Today, before writing this letter, one of our member organisations also sent a request for an extension of the East Coast rock lobster season, explaining in detail the reasons for the request. It revolves around the livelihoods of thousands of subsistence families along the Eastern Cape shoreline. It would be interesting to see just how serious you are about bringing about long-term sustainable solutions as much as addressing urgent social challenges through powers which reside with you as the custodian. Your department reacts swiftly when extensions, roll-overs, area relocations and more are requested by big companies but always seem to have a readily available excuse when coastal communities lodge similar requests.
You have given our fishing communities a small-scale fisheries policy that cannot produce any form of economic viability for its intended beneficiaries because you had already allocated the required resources to the commercial sectors and have effectively tied these resources up for years to come.

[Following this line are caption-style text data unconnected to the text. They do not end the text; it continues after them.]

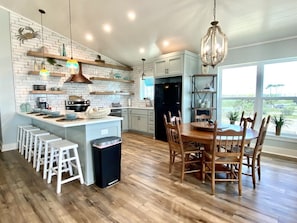 A modern kitchen with a central island, wooden stools, and a dining table with chairs.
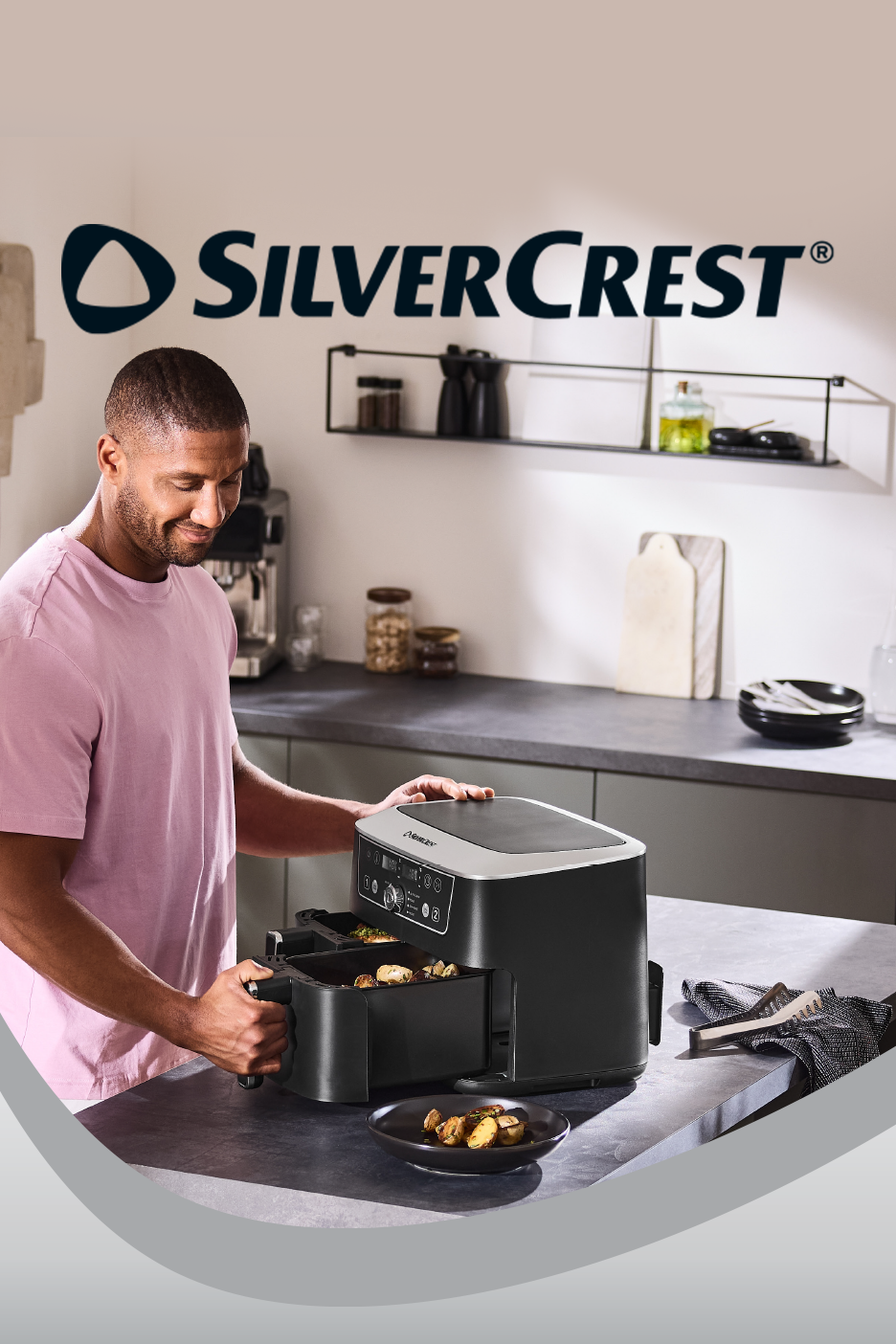 Man using a black dual-basket air fryer to serve roasted potatoes in a modern kitchen.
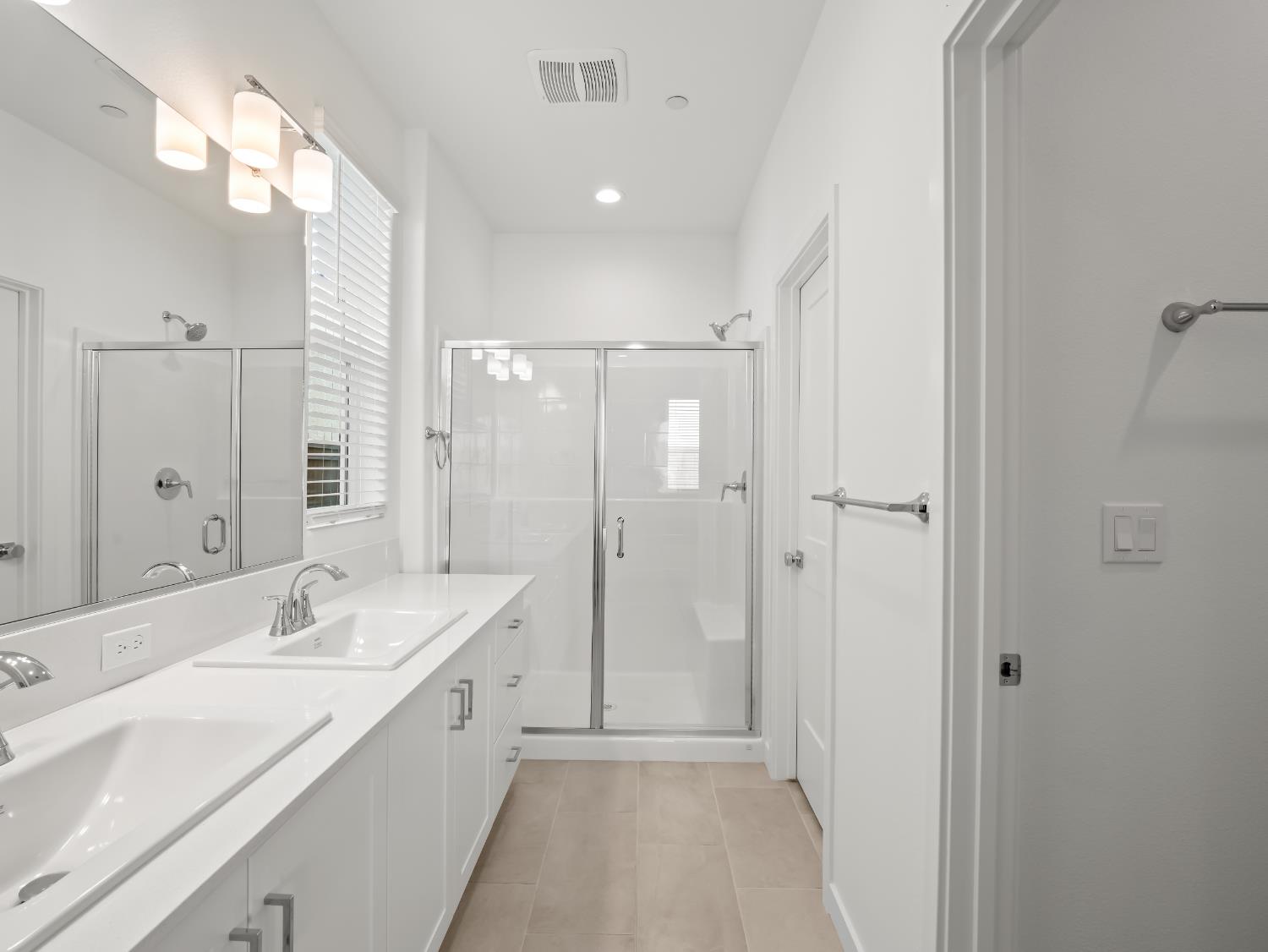 781 Elizabeth Avenue Madera, CA 93636 - Photo 15 of 31 a spacious bathroom with a double vanity sink mirror and shower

You continually create expectations within our coastal communities by promoting policies which have no chance of bringing about the urgent socio-economic changes we so urgently need. You protect the one resource (West Coast rock lobster) that could still provide interim relief for our coastal communities for the next three years with such ferocity that begs the question, in whose interest?
It is our firm belief that it is every citizen’s duty to vote but also to question before doing so. Why, then, would we, as the fisher-folk of South Africa, vote for a government that is guided by a constitution that entrenches the protection of human rights and guarantees its citizens a better life and yet practises something completely contrary, as can be demonstrated by the abject poverty and explosion of social ills now almost commonplace in our once vibrant coastal fishing communities.